|M.Sc Student||Bass Oren|
|Subject||The Impact of Solution Fluid Dynamics on Interface|
Evolution during Crystal Growth from Solution
|Department||Department of Chemical Engineering||Supervisor||Professor Simon Brandon|
|Full Thesis text|
Understanding crystal growth from solution requires a multidisciplinary approach. Relevant topics include solid state chemistry and physics of the growing crystal, chemistry of the liquid solution, interfacial transport and kinetics at the crystal/solution interface as well as the physics underlying fluid flow and mass transport within the liquid (solution) phase. Large-scale numerical analysis has been proved to be a useful tool for understanding the impact of all these topics on the growth process and on the resultant quality of the grown crystal. In particular, details of the process which are very difficult or even impossible to obtain from experiments can be derived from computational analyses.

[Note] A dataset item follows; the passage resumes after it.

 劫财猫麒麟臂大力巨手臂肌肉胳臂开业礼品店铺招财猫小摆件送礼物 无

In this thesis the focus is on the transport of solute from the bulk of the liquid towards the surface of the growing crystal and the kinetics of its incorporation into the crystal lattice. We are particularly interested in the influence of realistic flow fields on the crystal morphology and in the identification of the onset of instabilities leading to defects. Specifically, a computational analysis approach is applied in the study of three-dimensional time-dependent flows, bulk solute mass transport and associated mass transport with interfacial kinetics taking place in the Lawrence Livermore National Laboratory (LLNL) system for rapid growth of potassium dihydrogen phosphate (KDP) crystals. We embrace the approach taken by Weinstein and Brandon, Int. J. Multiscale Comp. Eng. 6 (2008) 585, and references within, for modeling the time-dependent evolution of faceted liquid/crystal interfaces in large-scale melt as well as solution growth systems. This approach involves decoupling between mass transport, which includes flow and concentration fields, and interface motion. The interface motion algorithm is consistent with step-flow and step-source kinetics and depends on the orientation of the interface with respect to the crystal singular faces as well as on the concentration field adjacent to it.

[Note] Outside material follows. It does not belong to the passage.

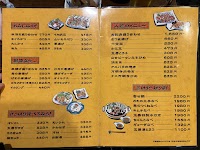 酒処 玉善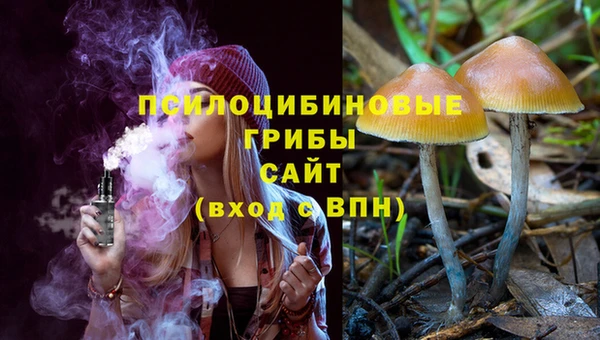 скорость Балабаново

Our results, which characterize the evolution of the interface, are the first to have coupled realistic meso-scopic growth mechanisms and real 3D flow effects in the bulk and on the crystal surface within a large-scale crystal growth system. We have presented quantitative and qualitative evidence of the impact of solution hydrodynamics on the surface evolution at the meso-scale; the forming steps displayed sensitivity to the flow direction and the supersaturation levels in the sense of lateral and longitudinal instabilities.